# Poor Girl



## mindtrip (Apr 2, 2015)

I've got five plants going right now, and this is the only one acting up.  Daytime temps are 74-77F, nighttime temps are steady at 72-73F.  They were all transplanted into FFOF this past Sunday.  They're all being watered heavily about once every three days.  They're under 600w MH at a distance of about 22 inches.

Please help me get her back to health! 

View attachment IMG_1015.jpg


View attachment IMG_1016.jpg


View attachment IMG_1017.jpg


----------



## Locked (Apr 2, 2015)

Are all 5 the same strain and all getting the same nutrients?  If everything is the same and only one is acting up that is a little weird.  Unless one just happens to be a weak pheno?


----------



## mindtrip (Apr 2, 2015)

Four are the same, Cream of the Crop Cash Crop, which this one is.  The fifth is a World of Seeds Strawberry Blue.  They've all had the exact same soil, light, and watering.

All of the others have slight yellowing, but nothing to this extent.  The leaves on this one crumble if I touch them.  The other plants' leaves are still soft.  Bad transplant on this one, maybe?


----------



## Rosebud (Apr 2, 2015)

It looks like whatever happened, happened a while ago. The new growth looks good. I wouldn't worry about it. If you want you could cut those tips off with scissors if it bugs you.

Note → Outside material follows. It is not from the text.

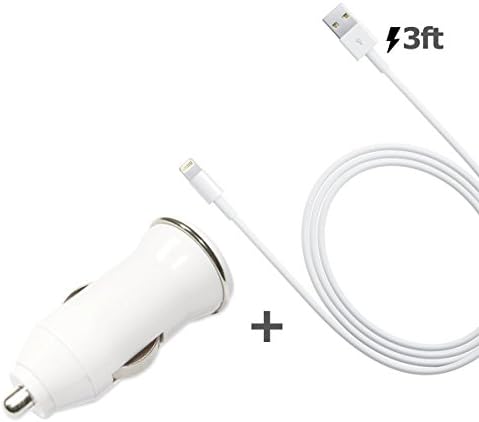 iPhone 8 Pin Charger (1) 3Ft Cable (1) Single Port Car Charger for iPhone 6, 5c, 5s, 6 Plus, iPad Air, iPad Mini Cables and Chargers - USB to 8 Pin Data Sync - Designed for iOS8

That is weird, i have no idea what that is. So specific on those leaves..hmm


----------



## mindtrip (Apr 2, 2015)

Thanks, Rosebud.  I'll trim them and keep an eye on her.  Hopefully whatever it was is done now.


----------



## Locked (Apr 2, 2015)

It might have hit a "hot spot" in the soil and all is good now. Rose is right the new growth looks good and that is what I worry about the most. You can't heal damaged leaves, what is done is done. So long as your new growth looks good I would not worry.


----------



## mindtrip (Apr 2, 2015)

Thanks, Hamster.  I'll update my journal as they go on.  Wish me the best.


----------



## MR1 (Apr 4, 2015)

It almost looks like something got spilled on the leaves, to me they need feeding, some deficiencies starting to show.


----------



## mindtrip (Apr 4, 2015)

MR1 said:


> It almost looks like something got spilled on the leaves, to me they need feeding, some deficiencies starting to show.



Thanks MR1.  What kind of nutes do you recommend?  They're all on day 30 of veg and have had no nutes whatsoever at this point.


----------



## MR1 (Apr 4, 2015)

Lots of choices, lots like General Hydroponics, some like Advanced Nutrients, check out peoples grows, see what they are using and go from there. I have used both brands and a few other's. I use chemical ferts so I can't comment on organic.
 I should add that I used the GH Flora Nova two part, and I am now using AN Jungle juice. I liked the Flora Nova, easy to use good results for me, just a little pricey.


----------



## mindtrip (Apr 4, 2015)

Thanks, I'll be going by my gardening shop tomorrow to see what I can find!


----------



## Kraven (Apr 4, 2015)

GH three part Grow, Micro Bloom is probably gonna be the cheapest and best if you want a suggestion, MR1 is right a bunch of company's sell a bunch of nutes, I would say start there and expand out. Green mojo 

http://www.marijuanapassion.com//www.pinterest.com/pin/create/extension/


----------



## The Hemp Goddess (Apr 5, 2015)

Actually, AN's Jungle Juice is the same formula as GH Flora Series and cost less.  Since I have found out from NorCalHal that GH has been purchased by Monsanto, I will not be buying them again.


----------



## mindtrip (Apr 5, 2015)

Well the guy at the local nursery talked me into General Organics BioThrive.  Good?  Not so good?


----------



## Kraven (Apr 5, 2015)

Hmm, I had heard they took GH exact formula labeled it jungle juice and resold it for less. I was fixing to leave AN and start using Gh three part but may just get with doc and discuss JJ with him, he uses it and has great results.


----------



## MR1 (Apr 5, 2015)

Did some checking , looked at the GH three part feeding schedule for dtw, compared it to AN JJ three part. If they are the same thing I think the JJ is a diluted version, that is why it costs less than GH. JJ schedule calls for almost 3 times the amount per gallon compared to GH, that maybe why JJ has their amounts in ml per 100 litres instead of gallons , it is harder to compare unless you do the calculations. So in the end AN JJ might not be cheaper than GH three part. 
 I use JJ, I was surprised when I figured it out, take a look see if you find the same thing, my math could be out.:fly:


----------



## Kraven (Apr 5, 2015)

Yea I will Mr1, I use AN Sensi Grow A&B and Connoisseur Bloom A&B + Big bud right now, with great results. I'm rethinking growing and trying to learn the most effective methods so I was really considering the switch, BTW I never use the AN nutes at more than half strength.


----------



## blowinthatloud (Apr 12, 2015)

i been using Fox Farms Grow Big, Tiger Bloom, an Beasty Buds for awhile with good success,   easy to use, not to expensive...BtL


----------



## The Hemp Goddess (Apr 12, 2015)

JJ is supposed to be the exact same ingredients in the exact same ratios.  If they have the same N-P-K, they are not waqtered down.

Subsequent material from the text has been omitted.